Miyoko Ito: Tabled Presence, 1971, oil on canvas, 48 inches square; at the Berkeley Art Museum and Pacific Film Archive.


With their dusky sunset and sunrise palettes and their landscape-evoking forms, the paintings in the Berkeley Art Museum and Pacific Film Archive’s small-scale retrospective of work by Miyoko Ito (1918–1983) could very well have been used as cover art for Brian Eno’s ambient releases from the 1970s. Like those albums, Ito’s paintings offer restrained compositions that are diffusely atmospheric and generically pretty when encountered in passing but highly absorbing when given closer attention.

Guest curator Jordan Stein brought together twelve canvases spanning the years 1959 to 1983 in a sensitive arrangement that highlighted the Berkeley-born artist’s remarkable color sense and traced the development of her fantastic approach to figurative abstraction. Ito’s paintings are landscapes in only the loosest sense, as suggestive of sparsely dressed psychic interiors as they are of mountains or inlets. Ito employed forms resembling, variably, rods, tongues, clouds, and curtains, creating nested or stacked arrangements. Frequently, she incorporated scenic openings that, as with the trope of a window within a painting, create a sense of distance. In Oracle (1967–68), an orange cloud contains a boxlike form inset with a design recalling herringbone parquetry. The upper half of Tabled Presence (1971) features a proscenium of sorts that reveals what could be construed as a room, the dimensions of which are mirrored in a sloping plane that extends from it.

Ito’s careful application of bands of color to create an ombre effect further destabilizes the compositions, making it more difficult to parse background and foreground, while her colors shimmer and smolder. In Island in the Sun (1978), a domelike carmine and crimson form suggesting the titular landmass glows against a shifting color field whose aquamarine and sky blue hues are so delicately applied that their transitions are almost imperceptible. One has to look at the edges of the canvas to see the various layers of underpainting that produced such subtle effects.
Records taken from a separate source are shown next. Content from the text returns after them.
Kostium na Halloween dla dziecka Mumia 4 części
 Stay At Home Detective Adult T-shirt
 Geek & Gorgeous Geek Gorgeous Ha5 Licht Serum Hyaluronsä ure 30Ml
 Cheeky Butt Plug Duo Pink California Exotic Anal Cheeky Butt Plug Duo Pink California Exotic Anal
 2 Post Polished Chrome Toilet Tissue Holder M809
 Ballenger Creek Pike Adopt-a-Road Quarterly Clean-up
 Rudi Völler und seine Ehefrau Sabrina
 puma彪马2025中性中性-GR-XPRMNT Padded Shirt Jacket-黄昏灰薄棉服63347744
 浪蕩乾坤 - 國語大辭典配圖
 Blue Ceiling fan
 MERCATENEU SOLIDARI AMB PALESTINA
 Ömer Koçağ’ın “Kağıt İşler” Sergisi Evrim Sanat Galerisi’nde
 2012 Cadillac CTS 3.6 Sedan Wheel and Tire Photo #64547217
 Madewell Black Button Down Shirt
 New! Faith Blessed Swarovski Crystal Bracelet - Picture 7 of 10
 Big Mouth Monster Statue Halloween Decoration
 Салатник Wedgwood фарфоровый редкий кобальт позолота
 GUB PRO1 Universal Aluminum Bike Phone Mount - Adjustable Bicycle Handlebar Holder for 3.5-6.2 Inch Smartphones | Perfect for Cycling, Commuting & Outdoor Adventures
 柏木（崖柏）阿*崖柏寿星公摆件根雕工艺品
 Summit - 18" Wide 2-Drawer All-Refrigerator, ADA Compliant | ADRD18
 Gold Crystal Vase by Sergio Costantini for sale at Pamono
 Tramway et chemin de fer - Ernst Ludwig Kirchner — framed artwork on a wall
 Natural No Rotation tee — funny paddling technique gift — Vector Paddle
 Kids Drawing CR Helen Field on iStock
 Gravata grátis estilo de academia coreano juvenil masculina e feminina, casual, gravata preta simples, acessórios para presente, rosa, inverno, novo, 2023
Hanging out at the sides of Ito’s canvases also allows one to notice that many are only partially nailed in to their frames. The halos of nails convey Ito’s willingness to rip works out and start again—sometimes decades after she had set them aside—along with a related sense that any view she produced was momentary, contingent: one in a series of possible images. Ito’s life was marked by abrupt transitions and fresh starts: months before her graduation from the University of California, Berkeley, in 1942, the newly wed artist was sent to Tanforan, an internment camp south of San Francisco, under Executive Order 9066. After the camp closed, she embarked on a graduate study of painting at the School of the Art Institute of Chicago, settling into the city that would shape her career and that she called home for the rest of her life. Ito once remarked, “Each painting is a beginning again, all over again. Which is so wonderful.” The Berkeley exhibition conveyed the artist’s constantly renewed fascination with her medium and, as the first museum presentation of her paintings in nearly four decades, might itself signal a new beginning for her work.